Como otras naciones, en su historia reciente mi país ha sufrido los efectos de los crímenes contra la humanidad. Pero con una peculiaridad sustancial. En contraste con otras sociedades en las que también han acontecido el genocidio y la guerra, en Colombia las atrocidades se han escondido bajo un sistema de democracia simulada. El de mi país es tal vez el caso más ilustrativo de los extremos a los que se llega a través del formalismo legal y de un modelo de aparente participación ciudadana.
Ante tal situación, el actual gobierno colombiano ha optado por una actitud negacionista. Contra toda evidencia, niega que exista el conflicto armado que afecta el país por más de cuatro décadas, y ahora busca persuadir a la comunidad internacional de que entramos en la era del posconflicto y la transición. Asimismo, niega que existan víctimas de la acción del aparato estatal. Y sobre todo niega que los grupos paramilitares hayan sido una creación de políticas de Estado, y que sigan actuando.
En Colombia el paramilitarismo es la demostración más consistente del carácter simulado de la democracia. Durante las últimas dos décadas, cerca de 20.000 personas fueron enterradas en sepulturas clandestinas en todos los rincones del país. Por medio de estas cruentas campañas, los paramilitares y las fuerzas armadas estatales impusieron gobiernos locales totalitarios. Cerca de 4’000.000 de personas, el 10% de los colombianos, fueron desplazadas por la fuerza para usurpar sus tierras. Así, el paramilitarismo de Estado ha sido una estrategia de imposición de un poder despótico y de acumulación de riquezas y territorios.
Cerca de un centenar de los más estrechos colaboradores del presidente Álvaro Uribe están siendo investigados por la Fiscalía General y la Corte Suprema de Justicia por sus nexos con los grupos paramilitares. Esto demuestra que la desmovilización paramilitar es una ficción. El desmonte definitivo de las redes paramilitares es un paso ineludible en la búsqueda de democracia.
Las víctimas de la violencia en Colombia necesitan mucho más que asistencia humanitaria. Su realidad requiere ser reconocida. Su participación auténtica en todos los procesos sociales y políticos debe ser garantizada, sin que se les imponga una falsa reconciliación.
Expreso mi agradecimiento a Human Rights First por haberme distinguido con esta prestigiosa medalla. Asimismo agradezco a la organización que postuló mi nombre US Office on Colombia.

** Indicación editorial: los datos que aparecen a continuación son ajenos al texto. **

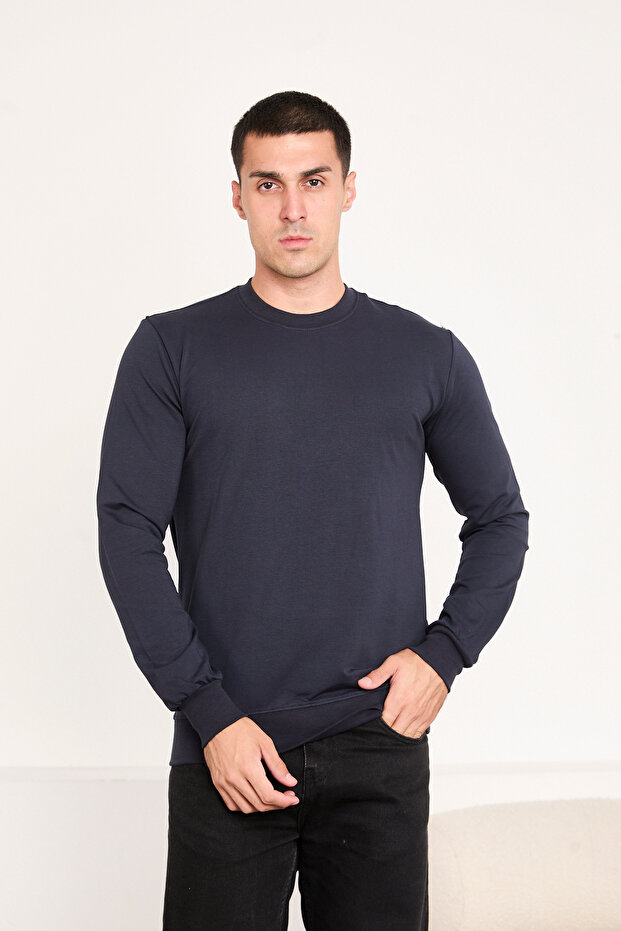 Men's Basic Long Sleeve Plain Sweatshirt
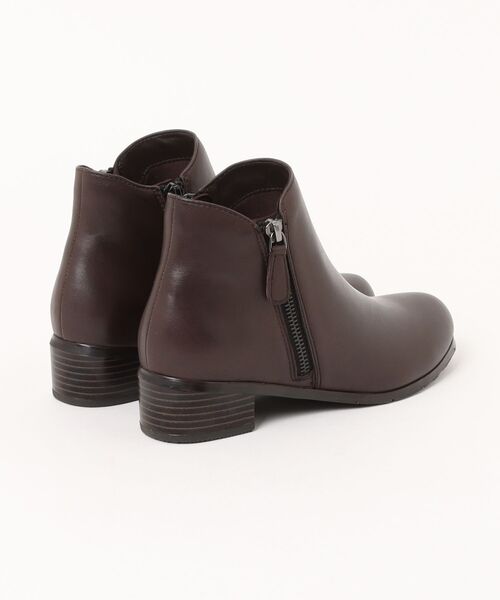 Piedi Nudi(ピエディヌーディ)の「piedi nudi/ピエディヌーディ 本革 ベーシック ショートブーツ(ブーツ・レディース・ダークブラウン/ブラック/グレー・24.0cm/23.5cm/23.0cm/22.5cm/24.5cm)」の4枚目の写真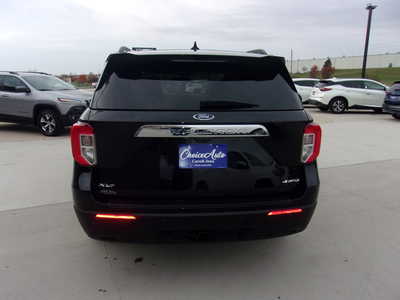 2023 Ford Explorer, $30250. Photo 4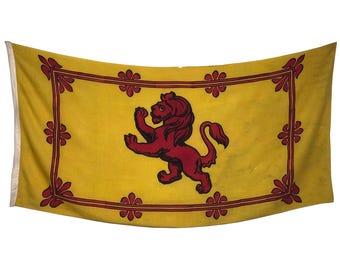 XL Vintage Wool Lion Rampant Flag, Royal Banner of Scotland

Este galardón es un revelador respaldo internacional a las víctimas de crímenes de Estado. Quiero dedicar este premio a todos los que hacen esfuerzos por erradicar los crímenes contra la humanidad en mi país: a las comunidades que resisten hoy al despotismo, a los defensores y defensoras de derechos humanos, a las organizaciones que pertenezco -el Movimiento Nacional de Víctimas de Crímenes de Estado, y el Movimiento Hijos e Hijas por la Memoria y contra la Impunidad-.

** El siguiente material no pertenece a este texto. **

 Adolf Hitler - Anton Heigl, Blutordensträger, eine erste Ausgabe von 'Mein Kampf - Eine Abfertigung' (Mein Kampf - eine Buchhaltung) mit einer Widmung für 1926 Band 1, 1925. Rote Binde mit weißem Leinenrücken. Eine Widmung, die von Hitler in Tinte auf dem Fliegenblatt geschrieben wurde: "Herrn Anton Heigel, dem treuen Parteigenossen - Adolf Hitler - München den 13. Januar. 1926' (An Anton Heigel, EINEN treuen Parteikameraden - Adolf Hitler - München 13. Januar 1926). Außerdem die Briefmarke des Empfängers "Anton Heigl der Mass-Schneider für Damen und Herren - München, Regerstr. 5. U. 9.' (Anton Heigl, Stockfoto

También dedico esta distinción a Brigadas Internacionales de Paz que desde hace años nos acompaña solidariamente, garantizando que podamos seguir trabajando en el país.
Pero en especial, deseo consagrar este premio a una defensora de derechos humanos, que además de ser mi interlocutora permanente, me ha acompañado a mí y a muchas otras víctimas de la violencia en Colombia con su luminosa presencia, su sensibilidad humana y su inteligencia. Se trata de Claudia Girón, quien además de ser mi colega, es mi esposa. Con ella comparto este honroso reconocimiento.